Berlin (epd). Rund 27.000 Menschen haben laut Veranstalterangaben am Samstag in Berlin für eine Wende in der Agrarpolitik demonstriert. Zu der Kundgebung aufgerufen hatte das Bündnis "Wir haben es satt!", ein Zusammenschluss von über 50 Bauern-, Umwelt-, Naturschutz-, Verbraucher- und Entwicklungsorganisationen sowie anderen Initiativen. Nach Veranstalterangaben rollten dabei auch rund 170 Traktoren aus dem Bundesgebiet durch das Berliner Regierungsviertel.
Die Demonstranten forderten von der Bundesregierung einen umwelt-, tier- und klimaverträglichen Umbau der Landwirtschaft. Dazu zähle die Unterstützung von Bauernhöfen, mehr Maßnahmen gegen das Insektensterben sowie ein konsequenter Klimaschutz. Zudem wurde gegen das geplante EU-Abkommen mit den südamerikanischen Mercosur-Staaten protestiert. Die Großdemonstration fand zum zehnten Mal anlässlich der Landwirtschaftsmesse "Grüne Woche" in Berlin statt.
Gegen strengere ökologische Vorschriften in der Landwirtschaft hatten indes am Freitag Bauern mit Traktoren-Demonstrationen in mehreren deutschen Städten demonstriert. Ihr Protest richtete sich vor allem gegen strengere Düngevorschriften und die Begrenzung des Einsatzes von Insektiziden. Die Mitglieder von "Land schafft Verbindungen" befürchten dadurch Ertragsrückgänge.
Dagegen übergaben Vertreter des "Wir haben es satt!"-Bündnisses am Samstag eine Protestnote an Bundeslandwirtschaftsministerin Julia Klöckner (CDU).
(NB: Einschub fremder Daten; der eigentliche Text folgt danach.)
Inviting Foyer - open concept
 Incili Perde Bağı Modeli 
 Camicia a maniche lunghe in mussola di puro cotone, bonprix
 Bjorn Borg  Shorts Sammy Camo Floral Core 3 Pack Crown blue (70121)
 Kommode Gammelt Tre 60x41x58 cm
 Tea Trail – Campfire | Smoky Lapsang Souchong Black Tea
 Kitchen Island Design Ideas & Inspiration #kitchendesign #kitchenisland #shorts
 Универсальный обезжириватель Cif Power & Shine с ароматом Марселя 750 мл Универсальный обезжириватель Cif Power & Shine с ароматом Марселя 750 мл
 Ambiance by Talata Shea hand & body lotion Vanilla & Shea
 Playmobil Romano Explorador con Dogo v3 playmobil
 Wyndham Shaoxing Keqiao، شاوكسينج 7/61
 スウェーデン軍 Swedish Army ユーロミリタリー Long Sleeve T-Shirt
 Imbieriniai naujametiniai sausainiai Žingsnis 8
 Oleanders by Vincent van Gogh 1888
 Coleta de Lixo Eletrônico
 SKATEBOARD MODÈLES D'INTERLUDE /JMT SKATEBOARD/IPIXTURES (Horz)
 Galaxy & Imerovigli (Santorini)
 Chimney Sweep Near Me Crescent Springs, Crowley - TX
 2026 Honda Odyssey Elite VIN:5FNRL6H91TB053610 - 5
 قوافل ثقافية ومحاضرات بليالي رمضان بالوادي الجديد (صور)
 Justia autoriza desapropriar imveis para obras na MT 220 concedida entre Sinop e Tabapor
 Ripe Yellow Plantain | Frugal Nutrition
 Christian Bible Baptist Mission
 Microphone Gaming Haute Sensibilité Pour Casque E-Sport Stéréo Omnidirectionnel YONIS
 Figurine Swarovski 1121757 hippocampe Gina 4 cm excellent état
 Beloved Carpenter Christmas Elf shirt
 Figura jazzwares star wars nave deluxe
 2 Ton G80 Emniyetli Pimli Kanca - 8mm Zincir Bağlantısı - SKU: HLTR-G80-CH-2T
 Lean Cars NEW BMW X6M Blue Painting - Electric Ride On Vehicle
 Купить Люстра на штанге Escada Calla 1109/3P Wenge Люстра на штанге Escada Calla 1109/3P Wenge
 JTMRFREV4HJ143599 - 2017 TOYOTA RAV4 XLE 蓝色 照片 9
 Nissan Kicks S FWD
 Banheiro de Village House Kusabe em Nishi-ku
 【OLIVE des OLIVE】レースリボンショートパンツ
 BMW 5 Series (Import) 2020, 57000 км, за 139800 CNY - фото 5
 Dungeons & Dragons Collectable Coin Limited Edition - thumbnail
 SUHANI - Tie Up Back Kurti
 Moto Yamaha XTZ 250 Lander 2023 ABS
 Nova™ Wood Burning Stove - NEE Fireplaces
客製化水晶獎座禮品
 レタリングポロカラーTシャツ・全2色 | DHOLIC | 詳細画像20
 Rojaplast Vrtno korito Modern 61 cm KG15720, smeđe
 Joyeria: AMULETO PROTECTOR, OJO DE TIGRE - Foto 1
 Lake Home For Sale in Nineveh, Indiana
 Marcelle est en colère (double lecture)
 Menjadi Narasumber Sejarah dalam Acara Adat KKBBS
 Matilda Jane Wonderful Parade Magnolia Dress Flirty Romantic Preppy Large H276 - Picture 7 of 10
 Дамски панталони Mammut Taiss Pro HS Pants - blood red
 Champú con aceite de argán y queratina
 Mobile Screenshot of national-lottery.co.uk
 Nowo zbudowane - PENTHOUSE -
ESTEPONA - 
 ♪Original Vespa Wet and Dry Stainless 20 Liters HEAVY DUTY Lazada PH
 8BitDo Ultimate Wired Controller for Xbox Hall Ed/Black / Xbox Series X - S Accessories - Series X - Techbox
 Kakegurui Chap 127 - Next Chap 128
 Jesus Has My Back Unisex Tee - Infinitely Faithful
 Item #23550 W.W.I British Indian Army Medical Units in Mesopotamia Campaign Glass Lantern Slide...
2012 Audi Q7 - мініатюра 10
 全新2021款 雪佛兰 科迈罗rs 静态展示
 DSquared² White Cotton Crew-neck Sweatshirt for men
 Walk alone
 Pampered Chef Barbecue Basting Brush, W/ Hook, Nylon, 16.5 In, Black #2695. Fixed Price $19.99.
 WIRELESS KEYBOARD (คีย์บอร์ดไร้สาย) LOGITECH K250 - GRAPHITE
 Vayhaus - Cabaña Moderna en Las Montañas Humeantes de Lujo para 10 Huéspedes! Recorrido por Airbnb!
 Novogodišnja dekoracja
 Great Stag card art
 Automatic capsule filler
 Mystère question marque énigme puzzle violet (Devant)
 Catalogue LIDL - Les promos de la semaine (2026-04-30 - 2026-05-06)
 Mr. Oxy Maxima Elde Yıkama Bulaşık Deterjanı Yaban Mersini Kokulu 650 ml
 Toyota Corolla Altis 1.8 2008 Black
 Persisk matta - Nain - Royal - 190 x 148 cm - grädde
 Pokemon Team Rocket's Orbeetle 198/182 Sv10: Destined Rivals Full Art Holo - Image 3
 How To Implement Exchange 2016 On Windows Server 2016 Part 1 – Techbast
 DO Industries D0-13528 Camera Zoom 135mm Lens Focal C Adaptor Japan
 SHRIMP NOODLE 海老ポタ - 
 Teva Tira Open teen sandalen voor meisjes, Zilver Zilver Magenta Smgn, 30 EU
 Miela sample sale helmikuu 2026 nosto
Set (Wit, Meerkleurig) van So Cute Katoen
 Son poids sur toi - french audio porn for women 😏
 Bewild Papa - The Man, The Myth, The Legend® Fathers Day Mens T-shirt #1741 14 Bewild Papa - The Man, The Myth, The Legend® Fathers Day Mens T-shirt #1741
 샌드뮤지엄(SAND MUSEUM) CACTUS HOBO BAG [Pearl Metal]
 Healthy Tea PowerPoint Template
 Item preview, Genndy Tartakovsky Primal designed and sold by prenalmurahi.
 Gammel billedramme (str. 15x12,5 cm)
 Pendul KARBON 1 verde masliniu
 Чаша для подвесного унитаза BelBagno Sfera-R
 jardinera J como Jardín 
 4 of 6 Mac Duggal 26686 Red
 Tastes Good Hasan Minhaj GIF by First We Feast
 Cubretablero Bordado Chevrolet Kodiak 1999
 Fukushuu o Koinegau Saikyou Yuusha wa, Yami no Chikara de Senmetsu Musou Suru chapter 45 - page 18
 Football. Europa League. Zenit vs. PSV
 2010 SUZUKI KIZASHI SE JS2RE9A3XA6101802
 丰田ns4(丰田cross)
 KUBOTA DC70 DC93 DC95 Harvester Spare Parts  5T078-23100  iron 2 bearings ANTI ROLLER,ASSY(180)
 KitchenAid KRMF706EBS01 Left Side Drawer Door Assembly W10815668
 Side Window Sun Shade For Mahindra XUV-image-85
Gefordert wurde darin ein gerechter Handel und der Schutz bäuerlicher Betriebe auf der ganzen Welt. Unfaire Freihandelsabkommen dürften nicht dazu dienen, neue Märkte für Auto- und Chemie-Konzerne zu erschließen.
Für einen Stopp des geplanten EU-Mercosur-Abkommen sprach sich unter anderem der brasilianische Agrarexperte und Mitbegründer der Bundesuniversität "Fronteira Sul" in Brasilien, Antônio Andrioli, aus: "Denn es ist politisch falsch, erhöht die soziale Ungleichheit beim Einkommen, fördert lange Transportwege und noch mehr Abholzung." Die Länder in Lateinamerika würden mit dem Handelsabkommen weiter "auf die Produktion von Primärprodukten reduziert, von Industriegütern aus Europa überschwemmt und zur Unterentwicklung verdammt".
Der Ehren-Vorsitzende des Bund für Umwelt und Naturschutz Deutschland (BUND), Hubert Weiger, sagte: "Wir brauchen eine soziale und ökologische EU-Agrarpolitik - bei der die Natur und die bäuerlichen Betriebe im Mittelpunkt stehen." Die Agrarpolitik müsse Bedingungen schaffen, damit Bäuerinnen und Bauern für den Erhalt der Lebensgrundlagen honoriert werden.
"Ohne eine konsequente Agrarwende werden wir die Klimakrise nicht in den Griff bekommen", betonte Greenpeace-Geschäftsführer Martin Kaiser. Tilman von Samson von "Fridays for Future" erklärte: "Die aktuelle Agrarpolitik verdeutlicht die Ignoranz der Bundesregierung gegenüber den Herausforderungen unserer Zeit." Statt der bisherigen Direktzahlungen werde ein System gebraucht, das Landwirten helfe, "eine der größten Hoffnungen im Kampf für die Klimawende zu werden".